The Embassy of India in Washington, D.C. has issued two press releases. The first confirms the switch and provides details for those with in-process applications. The second lists contacts for the new process, which can be found at the new Cox & King India visa website.
The Cox & King India visa offices are:
Washington DC– Suite 100, 1250, 23rd Street NW, Washington, DC 20037
New York– 2nd Floor, 235 West, 23rd Street, New York, NY 10011
Chicago- Suite 1003, 19 S, La Salle Street, Chicago, IL 60603
San Francisco– 1st Floor, 225 Bush Street, San Francisco, CA 94104
Houston– Suite 550, 1001 Texas Avenue, Binz Building, Houston, TX 77002
Atlanta– 1st Floor, Suite 180, 5883 Glenridge Drive, Atlanta, Georgia 32328
Cox & King exclusively handles visa applications, so working with other visa agencies just adds a middleman and fees.
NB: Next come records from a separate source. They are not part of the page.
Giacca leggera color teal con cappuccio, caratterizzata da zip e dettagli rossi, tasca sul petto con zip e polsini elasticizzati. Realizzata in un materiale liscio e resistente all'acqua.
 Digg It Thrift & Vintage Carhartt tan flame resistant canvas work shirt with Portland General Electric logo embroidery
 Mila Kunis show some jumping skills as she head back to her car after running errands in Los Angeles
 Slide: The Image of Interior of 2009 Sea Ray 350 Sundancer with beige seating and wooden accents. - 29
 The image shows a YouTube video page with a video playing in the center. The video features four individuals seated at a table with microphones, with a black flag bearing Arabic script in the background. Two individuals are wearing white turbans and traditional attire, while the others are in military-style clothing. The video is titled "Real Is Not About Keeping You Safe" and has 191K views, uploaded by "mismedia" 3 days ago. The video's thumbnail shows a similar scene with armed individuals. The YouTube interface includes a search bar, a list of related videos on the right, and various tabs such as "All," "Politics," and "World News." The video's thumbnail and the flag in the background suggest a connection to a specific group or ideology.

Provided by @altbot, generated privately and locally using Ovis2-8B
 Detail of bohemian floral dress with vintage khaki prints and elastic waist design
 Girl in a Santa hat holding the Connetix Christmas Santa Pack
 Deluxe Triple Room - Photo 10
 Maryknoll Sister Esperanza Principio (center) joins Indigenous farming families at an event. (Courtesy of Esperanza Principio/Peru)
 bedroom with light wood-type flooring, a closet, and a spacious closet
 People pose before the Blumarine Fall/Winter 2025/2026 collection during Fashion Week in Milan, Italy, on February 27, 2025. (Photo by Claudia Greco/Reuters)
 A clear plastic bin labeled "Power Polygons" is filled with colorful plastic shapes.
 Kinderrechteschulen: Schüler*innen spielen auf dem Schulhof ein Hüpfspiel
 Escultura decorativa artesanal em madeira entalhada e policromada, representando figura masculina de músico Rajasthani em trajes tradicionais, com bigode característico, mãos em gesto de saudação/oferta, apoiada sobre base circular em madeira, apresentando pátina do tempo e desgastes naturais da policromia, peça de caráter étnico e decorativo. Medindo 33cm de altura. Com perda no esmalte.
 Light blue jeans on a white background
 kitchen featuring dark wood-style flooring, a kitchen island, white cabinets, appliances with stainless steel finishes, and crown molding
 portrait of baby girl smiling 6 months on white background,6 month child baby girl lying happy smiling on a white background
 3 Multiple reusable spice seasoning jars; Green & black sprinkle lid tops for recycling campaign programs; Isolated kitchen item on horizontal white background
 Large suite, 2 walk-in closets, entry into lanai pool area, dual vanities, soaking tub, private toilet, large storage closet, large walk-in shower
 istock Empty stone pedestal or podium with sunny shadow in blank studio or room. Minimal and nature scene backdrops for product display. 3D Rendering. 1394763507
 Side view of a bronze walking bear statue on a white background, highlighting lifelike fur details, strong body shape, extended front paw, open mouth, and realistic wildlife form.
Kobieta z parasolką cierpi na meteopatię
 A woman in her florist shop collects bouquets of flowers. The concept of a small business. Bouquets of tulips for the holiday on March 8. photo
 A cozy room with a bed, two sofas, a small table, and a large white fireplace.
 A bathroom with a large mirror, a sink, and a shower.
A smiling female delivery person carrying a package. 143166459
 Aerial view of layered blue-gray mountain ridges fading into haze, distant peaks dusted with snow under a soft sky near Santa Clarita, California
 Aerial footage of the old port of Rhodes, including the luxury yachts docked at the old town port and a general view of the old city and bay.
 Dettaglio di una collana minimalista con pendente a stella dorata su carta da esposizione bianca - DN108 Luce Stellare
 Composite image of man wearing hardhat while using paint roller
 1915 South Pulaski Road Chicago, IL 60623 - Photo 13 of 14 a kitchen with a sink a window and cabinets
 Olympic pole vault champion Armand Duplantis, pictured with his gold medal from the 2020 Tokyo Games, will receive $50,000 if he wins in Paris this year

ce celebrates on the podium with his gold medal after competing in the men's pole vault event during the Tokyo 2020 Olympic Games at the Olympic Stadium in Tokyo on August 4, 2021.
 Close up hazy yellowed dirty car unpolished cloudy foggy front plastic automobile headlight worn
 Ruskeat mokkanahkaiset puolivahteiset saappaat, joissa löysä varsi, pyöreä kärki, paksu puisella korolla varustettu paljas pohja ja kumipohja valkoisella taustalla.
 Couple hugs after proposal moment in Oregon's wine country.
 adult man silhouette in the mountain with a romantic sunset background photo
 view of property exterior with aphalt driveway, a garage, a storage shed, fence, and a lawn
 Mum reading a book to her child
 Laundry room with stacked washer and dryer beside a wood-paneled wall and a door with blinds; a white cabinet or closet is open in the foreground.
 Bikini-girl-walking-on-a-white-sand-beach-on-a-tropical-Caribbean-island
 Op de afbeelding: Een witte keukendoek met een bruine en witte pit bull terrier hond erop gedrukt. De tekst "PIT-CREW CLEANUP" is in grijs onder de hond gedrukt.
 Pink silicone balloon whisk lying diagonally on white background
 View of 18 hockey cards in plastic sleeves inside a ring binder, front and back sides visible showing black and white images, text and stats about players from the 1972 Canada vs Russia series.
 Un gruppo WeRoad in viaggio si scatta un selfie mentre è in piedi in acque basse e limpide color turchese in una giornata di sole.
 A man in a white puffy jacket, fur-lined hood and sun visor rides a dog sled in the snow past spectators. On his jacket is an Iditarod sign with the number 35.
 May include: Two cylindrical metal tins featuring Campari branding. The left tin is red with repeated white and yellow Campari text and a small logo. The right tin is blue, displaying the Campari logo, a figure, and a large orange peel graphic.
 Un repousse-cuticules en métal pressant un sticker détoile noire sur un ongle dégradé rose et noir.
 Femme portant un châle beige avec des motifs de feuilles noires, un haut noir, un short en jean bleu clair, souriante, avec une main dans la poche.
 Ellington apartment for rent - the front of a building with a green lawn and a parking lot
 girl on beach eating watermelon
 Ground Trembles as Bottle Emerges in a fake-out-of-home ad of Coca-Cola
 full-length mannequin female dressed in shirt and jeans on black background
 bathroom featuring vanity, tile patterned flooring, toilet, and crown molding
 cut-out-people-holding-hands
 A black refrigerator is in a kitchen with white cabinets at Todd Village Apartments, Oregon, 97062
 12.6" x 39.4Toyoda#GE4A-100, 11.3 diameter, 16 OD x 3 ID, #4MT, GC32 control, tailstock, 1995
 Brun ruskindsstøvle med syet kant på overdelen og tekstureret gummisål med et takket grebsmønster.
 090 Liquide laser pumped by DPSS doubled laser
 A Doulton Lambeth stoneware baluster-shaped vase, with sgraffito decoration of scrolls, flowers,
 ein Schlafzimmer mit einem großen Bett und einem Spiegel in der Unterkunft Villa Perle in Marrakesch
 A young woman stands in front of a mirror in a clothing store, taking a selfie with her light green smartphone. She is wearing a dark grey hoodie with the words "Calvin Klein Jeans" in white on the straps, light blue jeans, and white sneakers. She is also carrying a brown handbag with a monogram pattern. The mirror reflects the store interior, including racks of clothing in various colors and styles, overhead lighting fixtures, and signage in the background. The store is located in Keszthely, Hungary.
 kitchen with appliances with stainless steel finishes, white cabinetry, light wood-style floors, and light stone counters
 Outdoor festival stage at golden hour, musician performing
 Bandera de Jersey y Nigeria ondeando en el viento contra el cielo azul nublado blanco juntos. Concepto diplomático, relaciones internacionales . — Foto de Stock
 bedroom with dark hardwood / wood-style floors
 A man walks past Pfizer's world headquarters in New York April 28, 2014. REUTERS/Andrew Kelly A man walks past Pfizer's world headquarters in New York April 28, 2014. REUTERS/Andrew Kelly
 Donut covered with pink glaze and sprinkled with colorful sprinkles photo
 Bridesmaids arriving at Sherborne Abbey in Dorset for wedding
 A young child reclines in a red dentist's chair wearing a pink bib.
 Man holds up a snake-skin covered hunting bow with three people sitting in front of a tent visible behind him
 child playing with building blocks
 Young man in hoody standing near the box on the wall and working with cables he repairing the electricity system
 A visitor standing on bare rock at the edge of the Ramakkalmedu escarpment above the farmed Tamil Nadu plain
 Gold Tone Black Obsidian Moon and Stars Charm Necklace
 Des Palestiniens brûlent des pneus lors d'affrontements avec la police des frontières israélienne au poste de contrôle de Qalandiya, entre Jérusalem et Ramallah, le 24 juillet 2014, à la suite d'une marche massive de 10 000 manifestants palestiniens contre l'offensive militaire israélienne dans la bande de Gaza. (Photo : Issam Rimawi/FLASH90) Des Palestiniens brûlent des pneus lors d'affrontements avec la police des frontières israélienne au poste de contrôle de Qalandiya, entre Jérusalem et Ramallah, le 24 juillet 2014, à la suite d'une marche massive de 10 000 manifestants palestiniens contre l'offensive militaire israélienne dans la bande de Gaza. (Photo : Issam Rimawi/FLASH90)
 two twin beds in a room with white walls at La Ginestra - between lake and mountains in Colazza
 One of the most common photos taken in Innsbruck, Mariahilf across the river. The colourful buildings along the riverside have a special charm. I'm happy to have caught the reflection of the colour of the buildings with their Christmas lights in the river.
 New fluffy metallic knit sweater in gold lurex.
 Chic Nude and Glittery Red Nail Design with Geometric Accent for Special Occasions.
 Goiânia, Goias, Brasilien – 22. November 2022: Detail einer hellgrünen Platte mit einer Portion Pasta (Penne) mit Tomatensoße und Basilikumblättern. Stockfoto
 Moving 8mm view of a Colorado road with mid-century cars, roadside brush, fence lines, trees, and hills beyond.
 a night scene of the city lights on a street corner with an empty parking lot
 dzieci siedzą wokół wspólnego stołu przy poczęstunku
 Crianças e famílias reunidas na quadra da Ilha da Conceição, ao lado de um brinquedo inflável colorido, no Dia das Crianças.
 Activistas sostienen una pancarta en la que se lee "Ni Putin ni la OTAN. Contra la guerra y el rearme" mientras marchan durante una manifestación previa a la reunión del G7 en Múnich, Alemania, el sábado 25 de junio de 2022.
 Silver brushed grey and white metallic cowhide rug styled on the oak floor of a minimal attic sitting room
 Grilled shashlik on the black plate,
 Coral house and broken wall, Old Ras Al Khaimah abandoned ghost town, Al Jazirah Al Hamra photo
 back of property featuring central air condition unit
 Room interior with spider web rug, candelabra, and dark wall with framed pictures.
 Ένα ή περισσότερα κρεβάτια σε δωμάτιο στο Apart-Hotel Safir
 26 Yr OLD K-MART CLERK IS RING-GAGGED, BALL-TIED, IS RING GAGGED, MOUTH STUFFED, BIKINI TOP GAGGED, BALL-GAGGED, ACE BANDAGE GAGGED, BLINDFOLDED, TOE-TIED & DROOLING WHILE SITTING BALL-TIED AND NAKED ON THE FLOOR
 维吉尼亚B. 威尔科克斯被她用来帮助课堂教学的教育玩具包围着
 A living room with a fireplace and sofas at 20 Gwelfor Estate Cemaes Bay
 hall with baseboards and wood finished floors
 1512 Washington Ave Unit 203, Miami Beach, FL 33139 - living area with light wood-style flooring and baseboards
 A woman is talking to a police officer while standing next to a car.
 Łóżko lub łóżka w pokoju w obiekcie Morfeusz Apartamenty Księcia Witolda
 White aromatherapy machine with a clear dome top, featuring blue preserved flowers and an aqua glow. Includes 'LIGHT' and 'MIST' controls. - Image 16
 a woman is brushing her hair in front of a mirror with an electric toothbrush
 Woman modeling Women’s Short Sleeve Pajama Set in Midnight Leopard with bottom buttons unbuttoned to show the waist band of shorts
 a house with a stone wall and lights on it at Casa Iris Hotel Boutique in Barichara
There have been reports that India will begin Visa on Arrival for US citizen tourists sometime late in 2014, though it is not finalized and any launch date should be taken with skepticism.
Until then, for frequent visitors, there is a bilateral agreement that provides for 10-year, multiple-entry tourist visas for US citizens, which is $150 plus fees compared to $60 plus fees for the standard 6-month, multiple-entry tourist visa.